By Nicole Sagullo
Over the past 50 years in Connecticut and elsewhere, discriminatory real estate practices known as steering and blockbusting have played a prominent role in creating racial segregation in housing. The impact of such once legal practices on the racial composition of the greater Hartford area can be seen in an interactive map documenting racial change in the region from 1900 to 2010. In the early decades of the 20th century, data shows a small, non-white population isolated in the city center of Hartford. Over the years, as migrants from the South and elsewhere came to the state, this population grew and a variety of factors determined where newcomers could settle.

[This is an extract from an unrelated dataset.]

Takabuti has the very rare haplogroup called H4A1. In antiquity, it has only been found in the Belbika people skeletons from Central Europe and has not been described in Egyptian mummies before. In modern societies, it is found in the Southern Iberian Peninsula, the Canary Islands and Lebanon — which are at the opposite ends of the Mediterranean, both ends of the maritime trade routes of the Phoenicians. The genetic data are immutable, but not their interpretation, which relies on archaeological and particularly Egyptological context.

Of particular interest to those studying demographic patterns is the growth of the non-white population in Bloomfield beginning in the late 1960s. The percentage of residents classified as “non-white” grew as minorities relocated from Hartford to this nearby town and whites moved out. Research by The Cities, Suburbs and Schools Project, a collaborative effort involving Trinity faculty and students as well as community members, shows that the composition of the area was affected by several factors, including real estate practices employed during this time—and that these practices influenced how the community and others near it continued to take shape.

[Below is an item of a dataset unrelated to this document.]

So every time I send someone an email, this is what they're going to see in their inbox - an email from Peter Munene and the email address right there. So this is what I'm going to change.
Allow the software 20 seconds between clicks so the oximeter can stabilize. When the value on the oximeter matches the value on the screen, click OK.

Blockbusting: An Illustration
Blockbusting is the term used to describe the practice of encouraging existing homeowners living in primarily white neighborhoods to sell their properties to a real estate agent at below market value. Disreputable real estate agents would scare white residents, claiming that integration would lead to decreased property values; this tactic led to “panic selling.” In turn, the agent would sell the home above market value to black home buyers. Blockbusting allowed agents to maximize profit by buying low and selling high. They targeted the small supply of homes where blacks could live without being harassed or excluded by then-legal covenants or other deed restrictions.

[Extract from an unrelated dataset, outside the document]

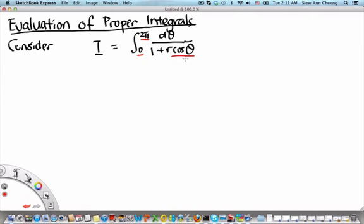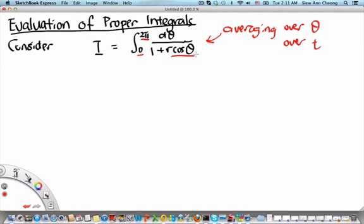Now that we've observed the integration is over one period of the integrand function, we can also observe that this kind of integral comes frequently from averaging. If we have a periodic function we want to average, this is the kind of integral we write down. Sometimes we average over time, giving a variable ωt in place of θ, dt instead of dθ, and integrating from 0 to T, the period of the function.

Blockbusting practices helped determine Bloomfield’s racial composition throughout the late 1960s and ‘70s. For example, as reported in the Hartford Courant on February 24, 1974, a white resident of Bloomfield recounted receiving calls from real estate agents urging him to sell his house at a lower rate because, with non-whites moving into the area, property values had supposedly declined. The article further detailed the role of real estate agents in shaping Bloomfield’s demographic makeup.
Racial Steering
Related to blockbusting, racial steering involves real estate agents directing people of certain races to specific areas—and away from others. One white home buyer, for example, reported an agent’s behavior to the Hartford Courant. He explained that the agent praised Avon and West Hartford but, in contrast, spoke negatively about Bloomfield and its school system. The home buyer concluded that the agent may have been afraid to insult clients by taking them to integrated neighborhoods. Historical facts suggest, however, that maintaining racial segregation through such means as restrictive covenants, redlining, and racial steering has been used to influence property values. Such discriminatory and, very often, illegal practices have contributed to racially isolated neighborhoods by perpetuating stereotypes.
Illegal Practices Persist
Racial steering and blockbusting, though illegal, remain present today. An article entitled “Home Buyers Suspect Racial Steering,” which appeared in the Hartford Courant on September 8, 2003, discussed the implications of this practice in the 21st century. Citing the observations of residents in affected neighborhoods as well as statistical data, the article concluded that real estate practices and other forces still encourage patterns of segregation based on skin color. For instance, a former member of the town council in Windsor reported that although a house in his neighborhood went on the market several times it was not, to his knowledge, shown to prospective buyers who were white. As 2000 census data shows, ¼ of the affluent black population of the Greater Hartford area lives in six geographically adjacent census tracts in Bloomfield, Windsor, and the Blue Hills section of Hartford. Further, according to the article, the census numbers indicate that black residents in Hartford’s suburbs “were more racially isolated from white residents in 2000 than they were in 1990.”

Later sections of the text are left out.